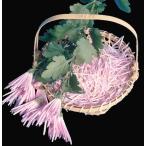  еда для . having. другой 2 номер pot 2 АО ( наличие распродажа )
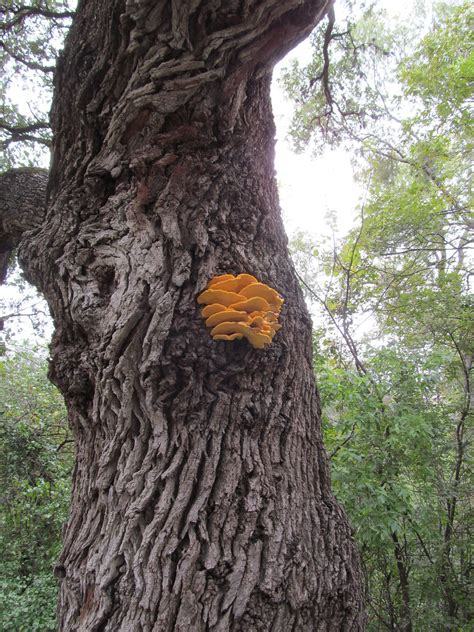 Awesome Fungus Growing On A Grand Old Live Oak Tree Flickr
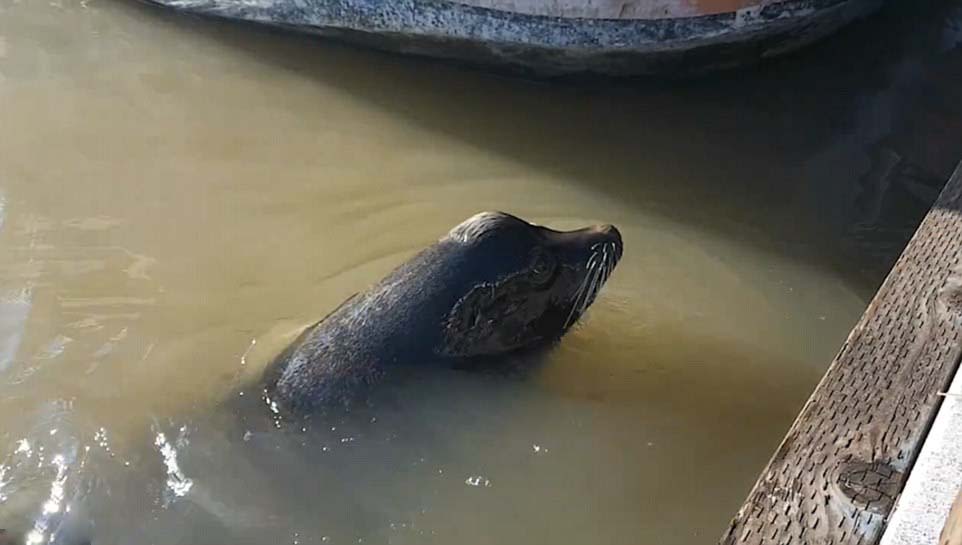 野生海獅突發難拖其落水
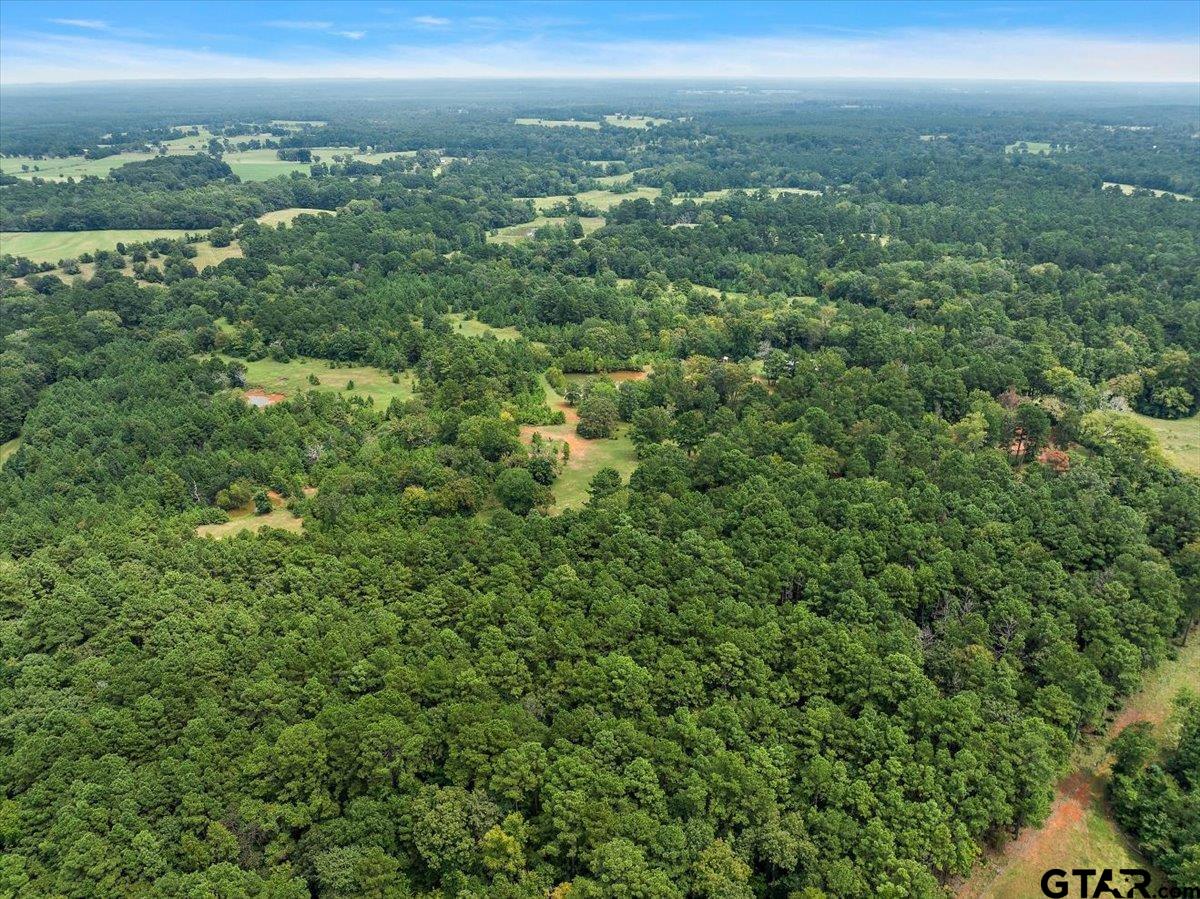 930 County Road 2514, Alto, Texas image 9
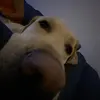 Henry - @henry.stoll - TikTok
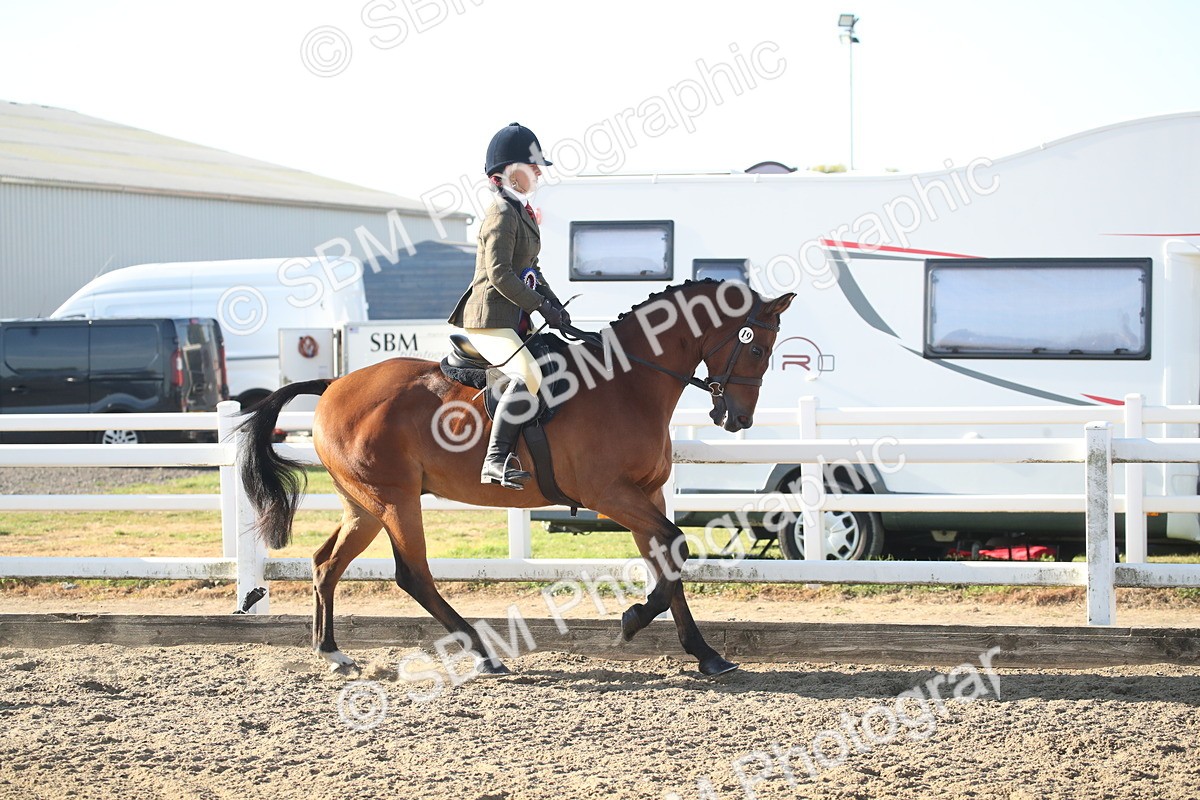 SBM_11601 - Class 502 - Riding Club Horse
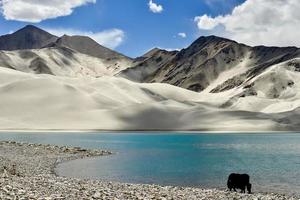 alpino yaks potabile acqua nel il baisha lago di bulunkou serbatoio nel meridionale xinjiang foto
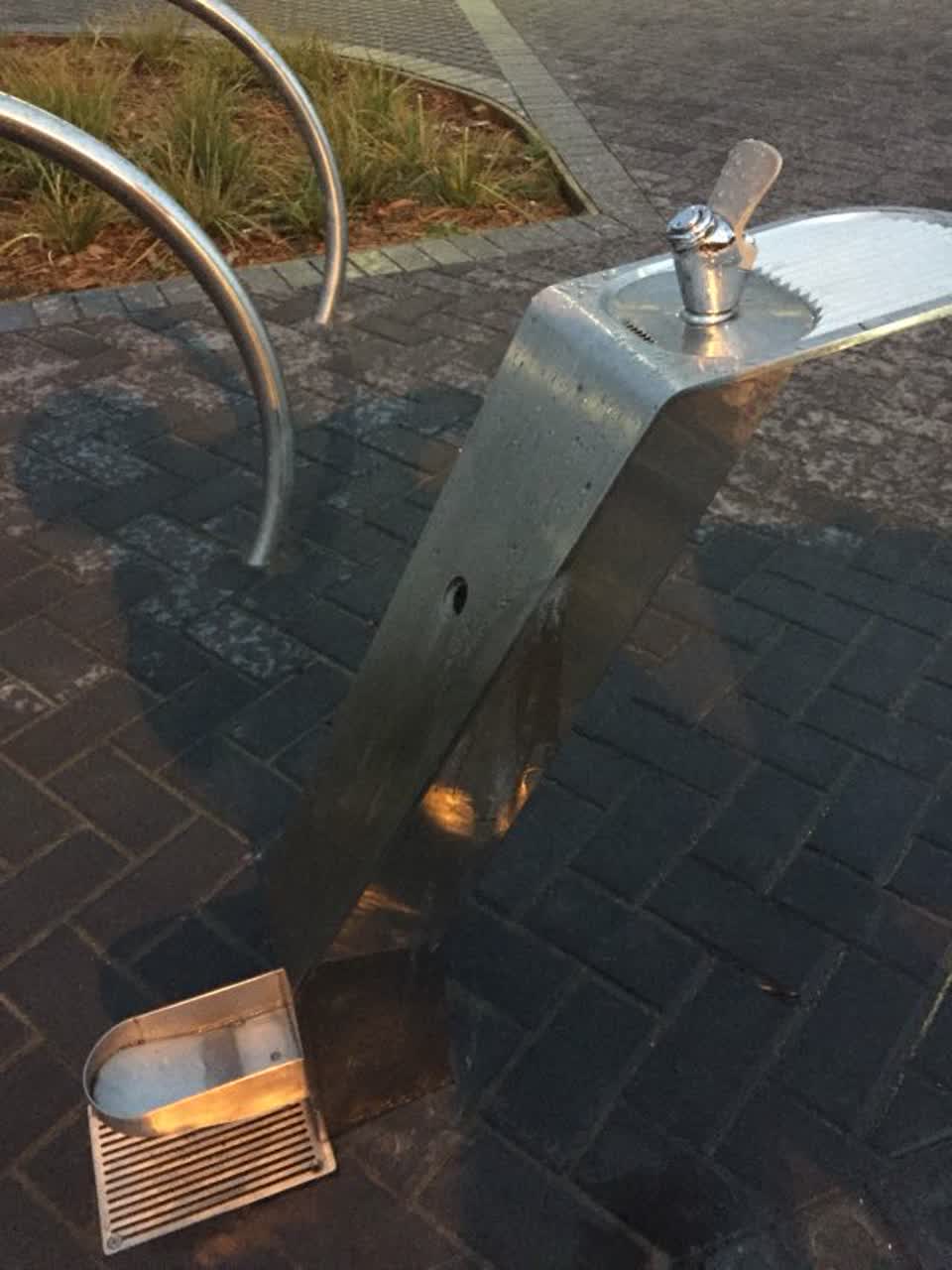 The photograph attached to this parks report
^^^^^^^^^^^^^^^^
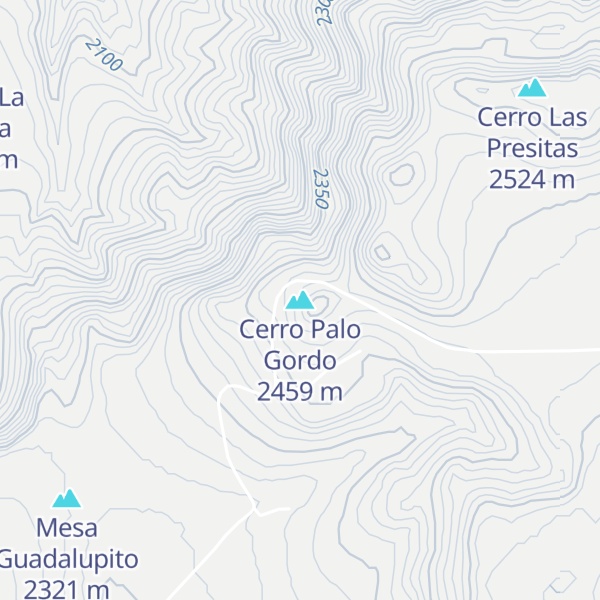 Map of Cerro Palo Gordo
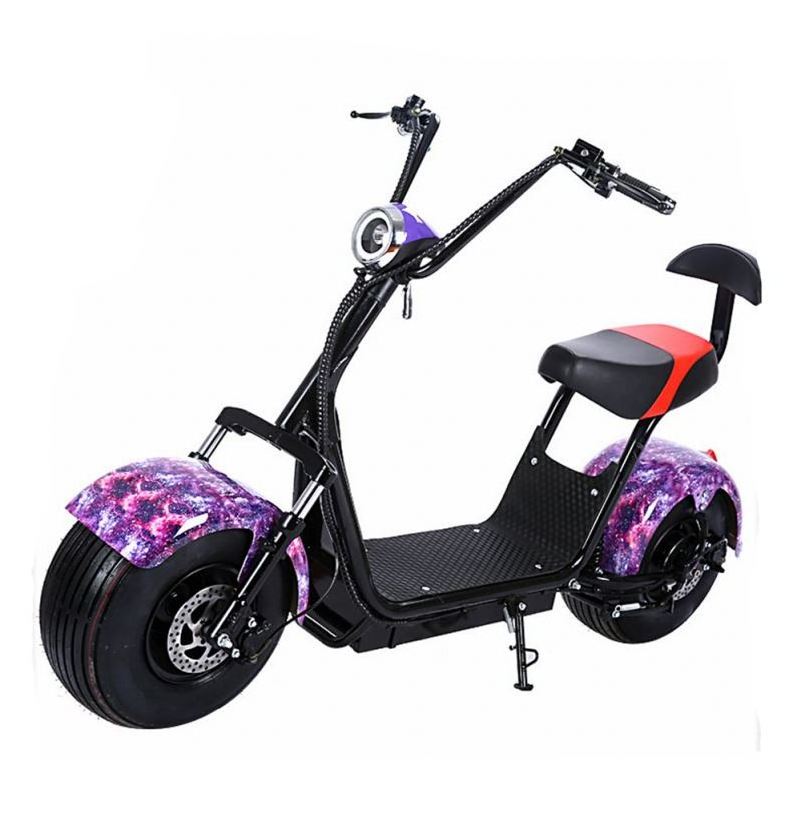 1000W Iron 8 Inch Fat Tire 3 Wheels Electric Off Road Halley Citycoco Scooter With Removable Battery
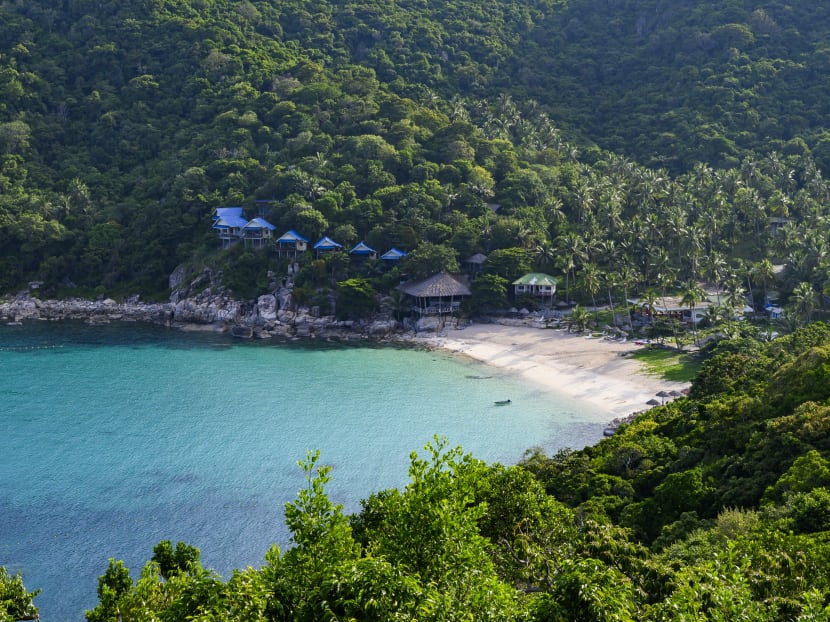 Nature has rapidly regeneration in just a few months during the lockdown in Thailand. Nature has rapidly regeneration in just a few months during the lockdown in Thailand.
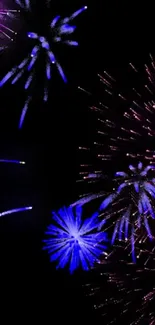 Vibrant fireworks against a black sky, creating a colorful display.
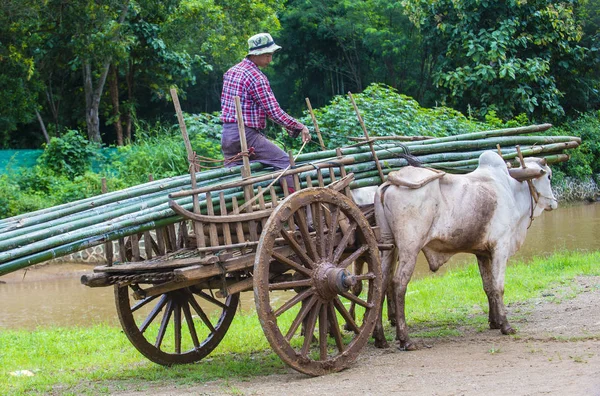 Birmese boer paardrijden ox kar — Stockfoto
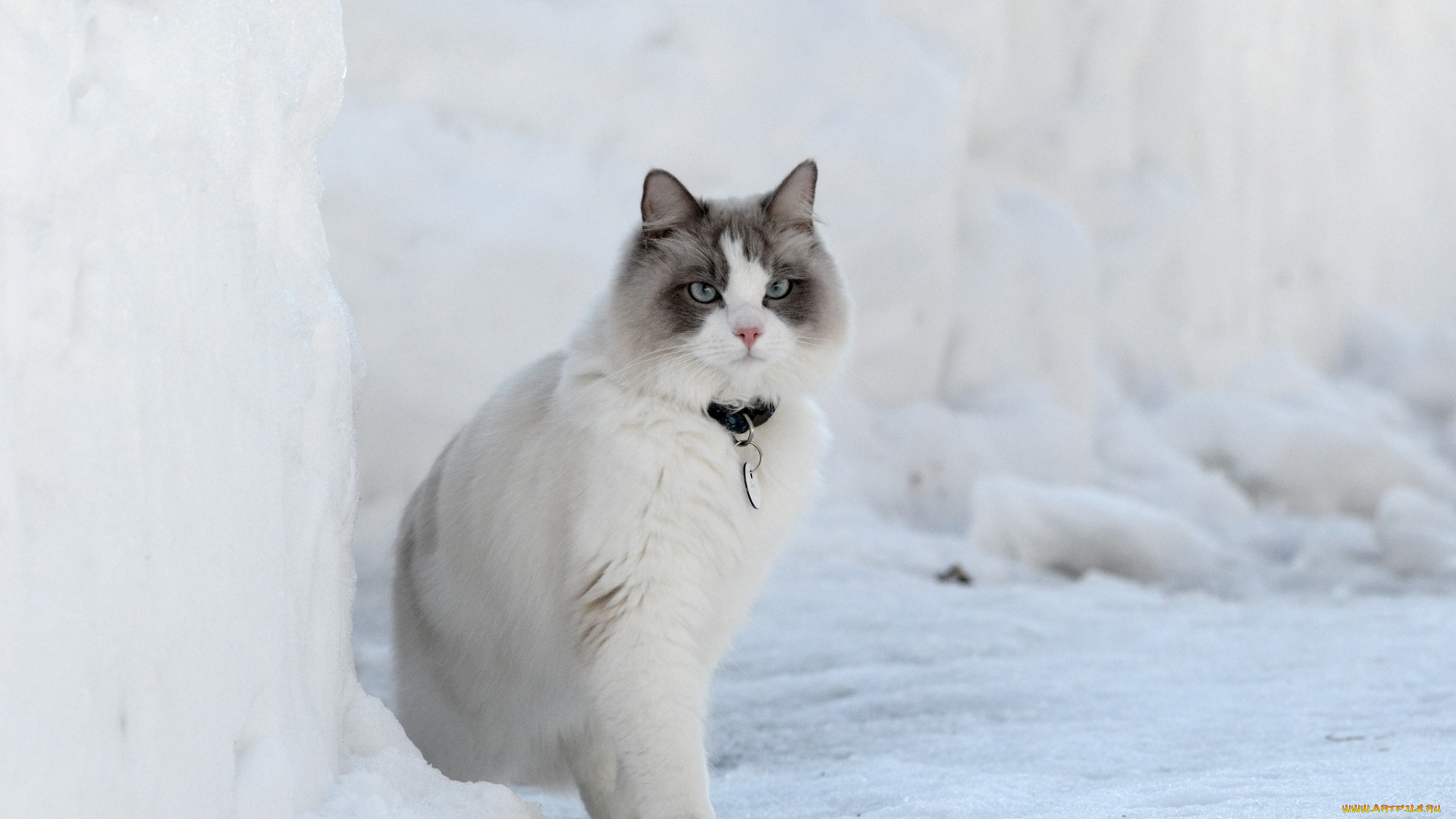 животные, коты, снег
^^^^^^^^^^^^^^^^
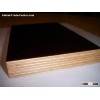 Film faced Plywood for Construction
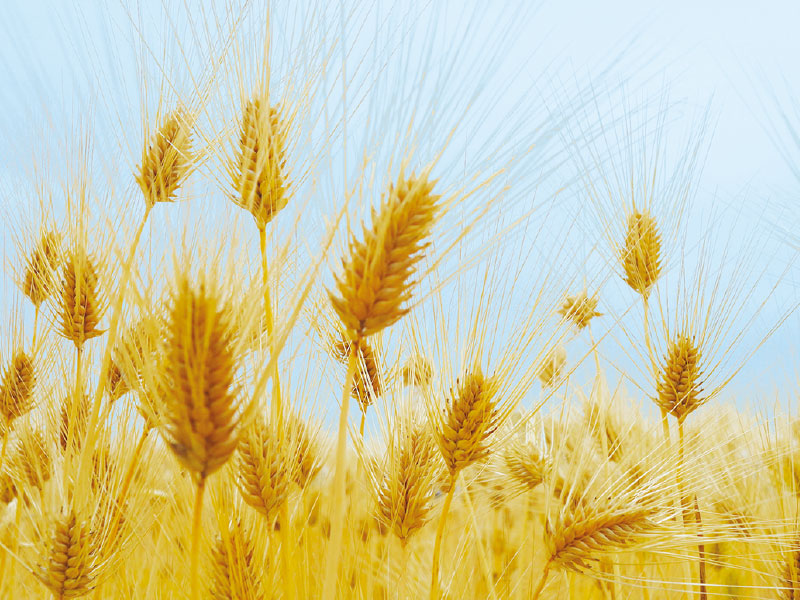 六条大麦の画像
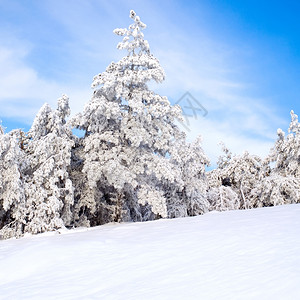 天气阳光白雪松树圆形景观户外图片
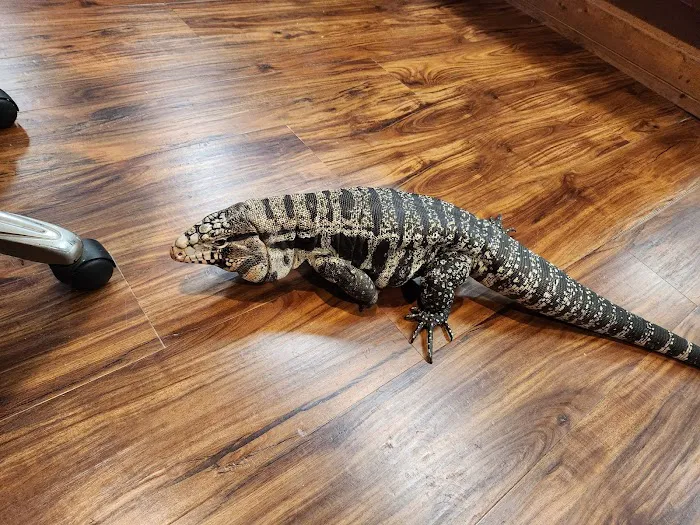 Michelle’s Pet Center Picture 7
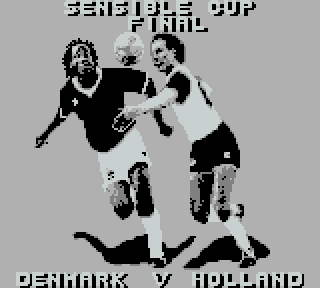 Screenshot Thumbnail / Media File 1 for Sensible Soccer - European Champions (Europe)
^^^^^^^^^^^^^^^^
From the records above, write out exactly the lines that begin at the line with "野生海獅突發難拖其落水" and end at the line with "The photograph attached to this parks report". Pictures must not appear in the output.

 野生海獅突發難拖其落水
 930 County Road 2514, Alto, Texas image 9
 Henry - @henry.stoll - TikTok
 SBM_11601 - Class 502 - Riding Club Horse
 alpino yaks potabile acqua nel il baisha lago di bulunkou serbatoio nel meridionale xinjiang foto
 The photograph attached to this parks report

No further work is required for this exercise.